If your trading system or method cannot substantially trounce these indexes, you need to throw in the towel and find something else to do!

I do not say this to be harsh but you are wasting your time.

The SOXX does well over 20% per year.

In my days in Chicago back in the mid 1990’s professional floor traders made a ton and they were risk averse.

As a full time trader, I would say 50% Annual return would be your bare minimum. Otherwise, move on.

We are in luck, sir. Using the Grid, we can sift through all the chaff and find that there are exactly five strategies whose annual return is greater than 50% when applied with a few other token safety parameters: in existence for > 2 years, max drawdown < 50%, profit factor > 0.1. Of these, one is a one-trick pony (Tesla), two others had big wins early on and have not sustained such a high return rate, leaving two futures strategies that are still booming along, both from the same Trade Leader, and each apparently earning several thousands in subscription fees per
month. Perhaps soon (two years) we’ll join them in the stratosphere!

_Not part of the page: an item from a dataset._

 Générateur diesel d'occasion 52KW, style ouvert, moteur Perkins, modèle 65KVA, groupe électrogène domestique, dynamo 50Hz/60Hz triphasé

Oh! And both of those are also 100% TOS certified, big plus there for such highflying strategies. Kudos to the Trade Leader.

1 Like

I don’t say this to be harsh but

  1. SOXX statement is recency and hindsight bias.
  2. 50% annualized is unrealistic long term.
  3. $1,000,000 with 50% return for 35 years becomes over a trillion. Aka if that statement about people in the 90s was true it was temporary. The greatest long term traders and investors are far far below 50%.
  4. Most people won’t beat the indexes. Virtually none will beat it on a risk adjusted basis in the long run.

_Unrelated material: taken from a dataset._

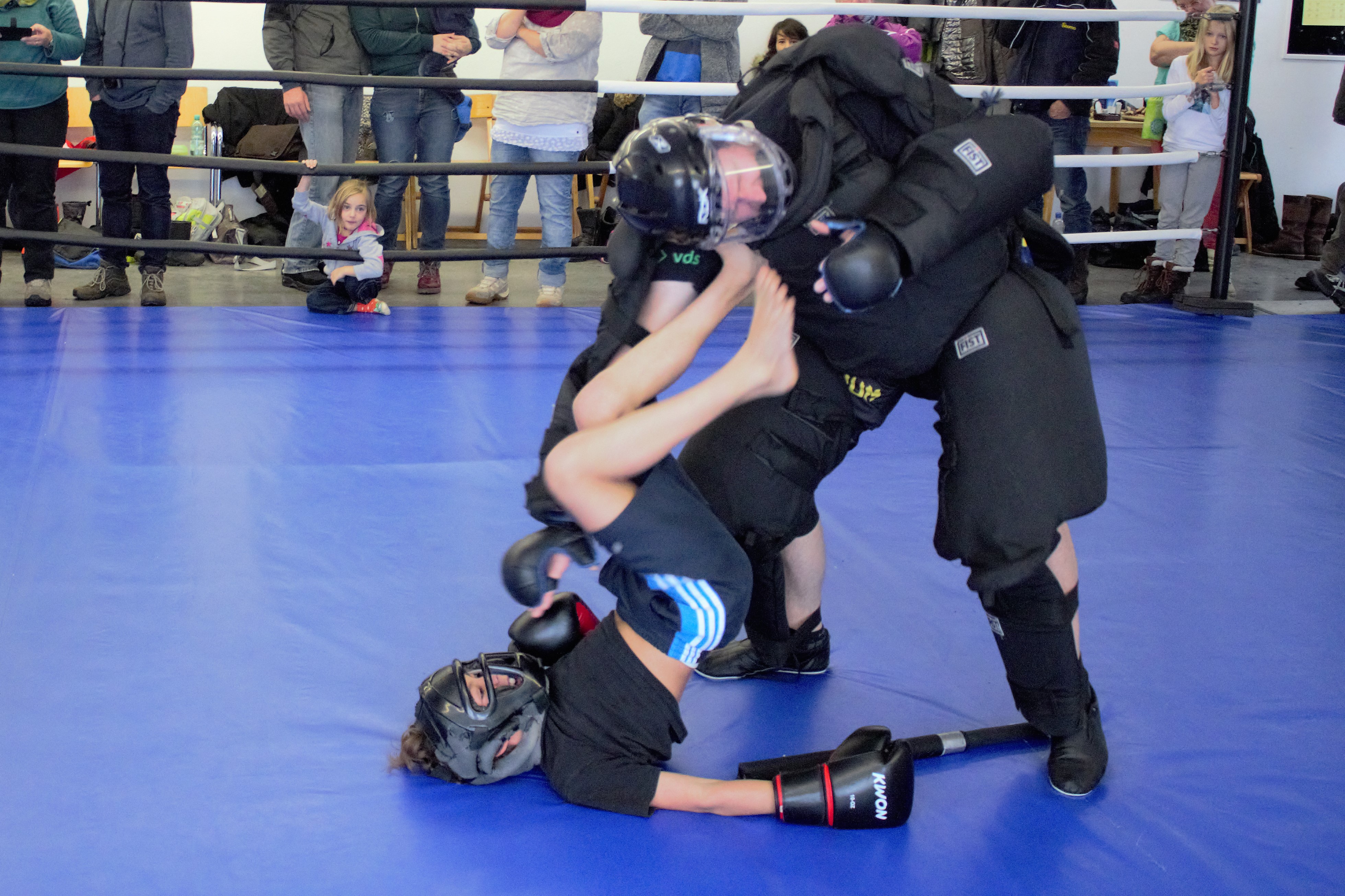 Streetfight Befreiung vom Boden vds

I wish you luck with your system but expecting to make 50% annualized for long periods like 10 years just isn’t likely. But I look forward to being proved wrong

4 Likes

If you have read any of mu other posts you see that I am hoping for the same thing! I have run extended backtesting and a very small amount of forward testing in one of my accounts. THAT DOES NOT MAKE IT a viable system for me or anyone else to trade YET.

We will see, won’t we! :grinning: :grinning: :grinning:

Just stumbled upon this post and nearly fell off my chair…

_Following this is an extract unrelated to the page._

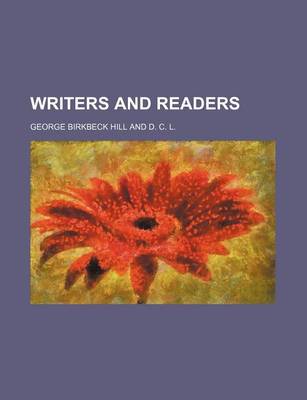 Book cover for Writers and Readers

“Common sense” is that if you believe that trading performance = returns (the hubris of retail), then you should do something else with your time entirely. Gambling aims at gains. Trading aims at risk-adjusted gains through risk management.

If your premise about “beating the market” through returns alone were true, then anyone could do it by buying and holding a leveraged ETF, and then wait enough time for the historically proven upside drift in equity indices to do its job.

The difference between traders and amateurs is shown when NORMALIZING returns for risk over a statistically significant sample involving years of activity and thousands of trades. Skills are shown when a trader is capable of distorting the risk/reward ratio that is passively available through mere buy-and-hold of the index, NOT by comparing returns. For that matter, returns are a variable, arbitrary CHOICE made by the trader by intentionally dialing the scale of his positions around the fixed risk/reward ratio delivered by his strategy, and according to his own personal risk aversion. In other words, returns alone reveal exactly NOTHING about a trader’s skills.

In summary: trading performance = RISK-ADJUSTED returns. Not believing this is how you end up with 5 systems still alive and kicking in the C2 database after 8 years of existence, out of thousands created over the lifetime of the platform. I rest my case.

2 Likes

Really?

At 2x leverage a 50% drawdown will wipe you out.

The last big S&P drawdown reached 60.4% after 2000 and lasted 13 long years.
Keep that in mind if you think that buying and holding leveraged S&P 500 ETFs will generate “easy” money.

But yes, as you mentioned earlier, returns must be calculated on a risk-adjusted basis, no doubt about that.